Your goal: The whole listing is to be restated word for word with no images.
━━━━━ Provided data ━━━━━
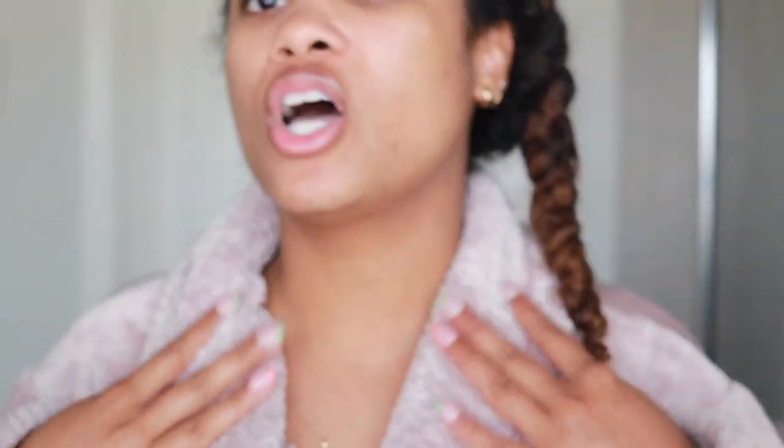First things absolutely first when it comes to self-care — having a really nice plush beautiful robe really sets the tone. Honestly, you cannot do a self-care day at home without one. This is actually a new one I just bought from Amazon and I'm obsessed with it. It has these really cute details like the cuffs, and I really love the color — the neutral vibe for me. I'll go ahead and link that in the description box below.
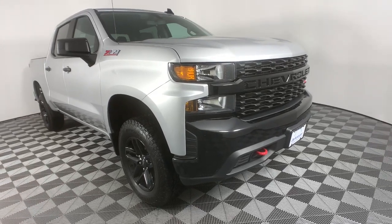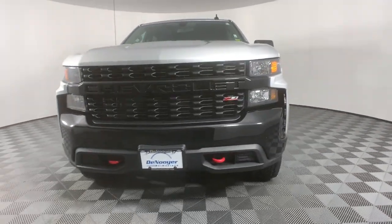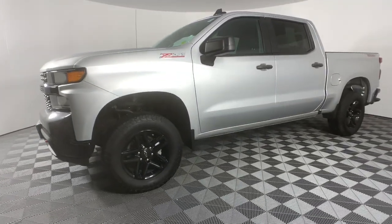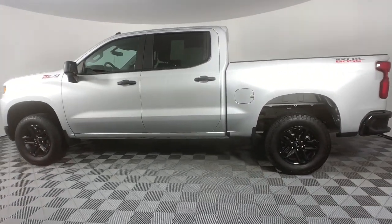Picture yourself in the 2019 Chevrolet Silverado 1500. With less than 40,000 miles on the odometer, this vehicle stands out from the rest. The Chevrolet Silverado 1500 — the full-size pickup that's strong, quiet and dependable, with the latest technology to keep you connected while you get the job done.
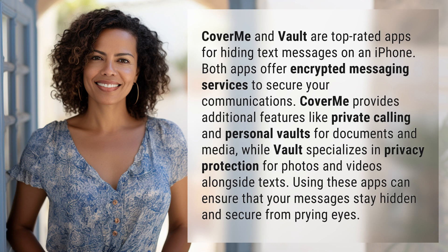Cover Me provides additional features like private calling and personal vaults for documents and media, while Vault specializes in privacy protection for photos and videos alongside texts. Using these apps can ensure that your messages stay hidden and secure from prying eyes.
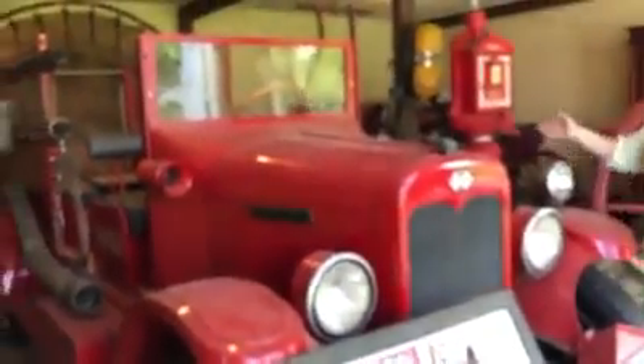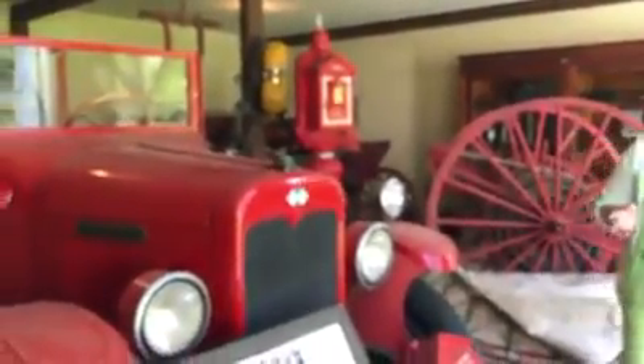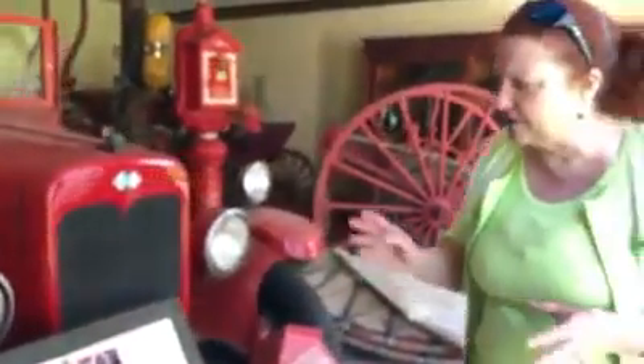Here we have a 1929 International fire truck. Once they stopped using horses and could use engines, they were able to carry much more water and have a bigger tank. They could get to a fire faster — wherever it was out in the country — because when it comes to fire, timing is everything and you want to get there as fast as possible.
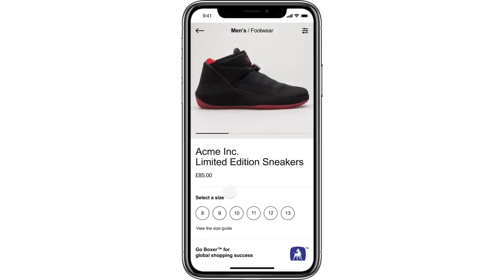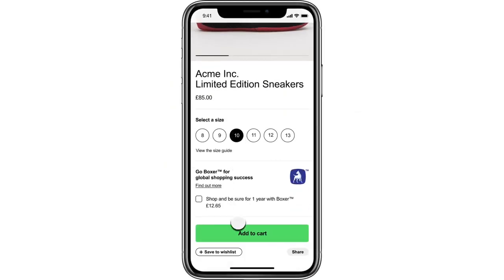If a Boxer cover is available for a particular product in your shop, an area will show up on the product detail page where a customer can optionally select the Boxer cover before adding the item to their cart.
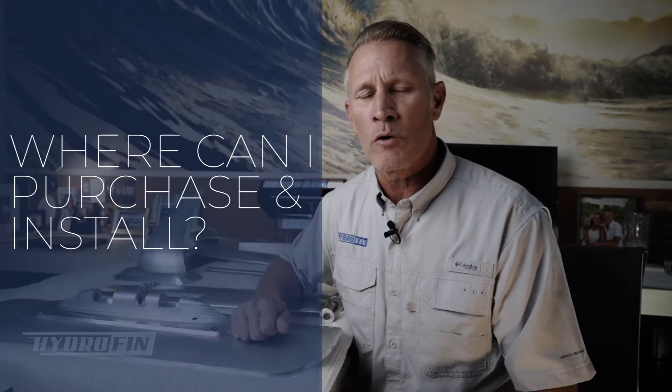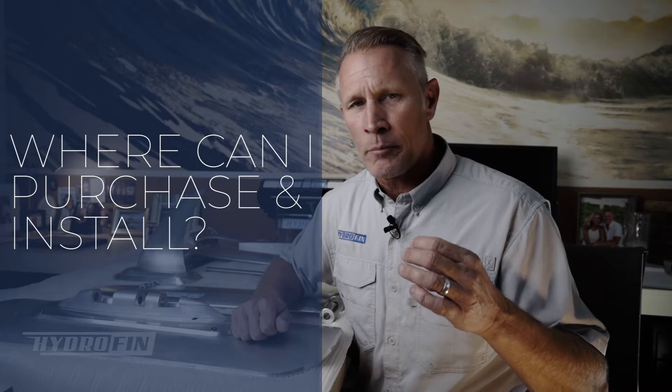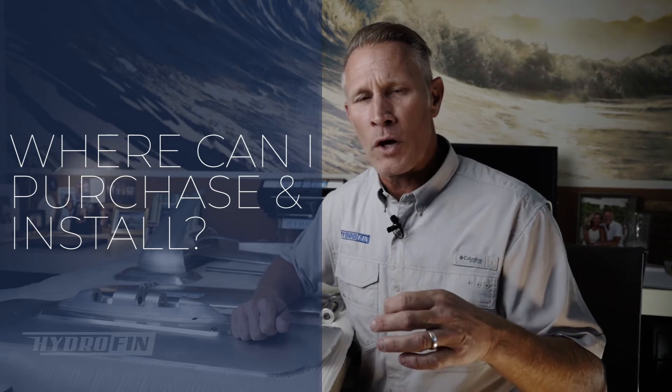A lot of people have asked where they can purchase the system and where they can get it installed, so I want to speak to that. At the present time we're still waiting for the product to come in, and while we're doing that we're trying to educate dealers about what the installation process would look like.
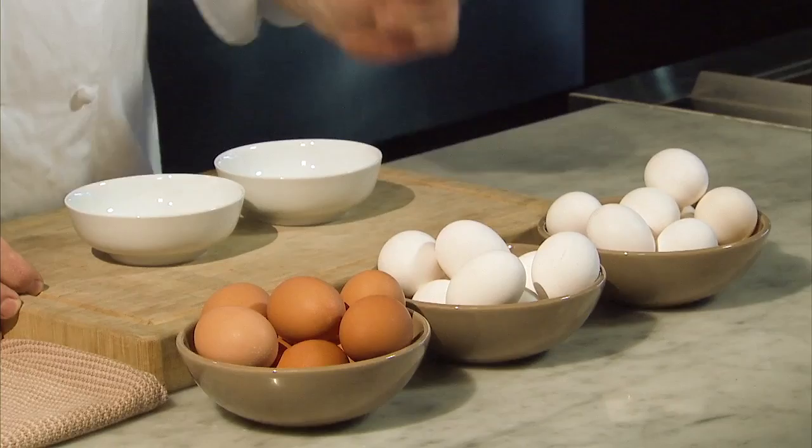Large eggs are what's called for in most recipes. An egg shell's color — either white or brown — is determined by the breed of hen that laid it and has nothing to do with either taste or nutritional value.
━━━━━
Solution to this problem:
First things absolutely first when it comes to self-care — having a really nice plush beautiful robe really sets the tone. Honestly, you cannot do a self-care day at home without one. This is actually a new one I just bought from Amazon and I'm obsessed with it. It has these really cute details like the cuffs, and I really love the color — the neutral vibe for me. I'll go ahead and link that in the description box below.
Picture yourself in the 2019 Chevrolet Silverado 1500. With less than 40,000 miles on the odometer, this vehicle stands out from the rest. The Chevrolet Silverado 1500 — the full-size pickup that's strong, quiet and dependable, with the latest technology to keep you connected while you get the job done.
Cover Me provides additional features like private calling and personal vaults for documents and media, while Vault specializes in privacy protection for photos and videos alongside texts. Using these apps can ensure that your messages stay hidden and secure from prying eyes.
Here we have a 1929 International fire truck. Once they stopped using horses and could use engines, they were able to carry much more water and have a bigger tank. They could get to a fire faster — wherever it was out in the country — because when it comes to fire, timing is everything and you want to get there as fast as possible.
If a Boxer cover is available for a particular product in your shop, an area will show up on the product detail page where a customer can optionally select the Boxer cover before adding the item to their cart.
A lot of people have asked where they can purchase the system and where they can get it installed, so I want to speak to that. At the present time we're still waiting for the product to come in, and while we're doing that we're trying to educate dealers about what the installation process would look like.
Large eggs are what's called for in most recipes. An egg shell's color — either white or brown — is determined by the breed of hen that laid it and has nothing to do with either taste or nutritional value.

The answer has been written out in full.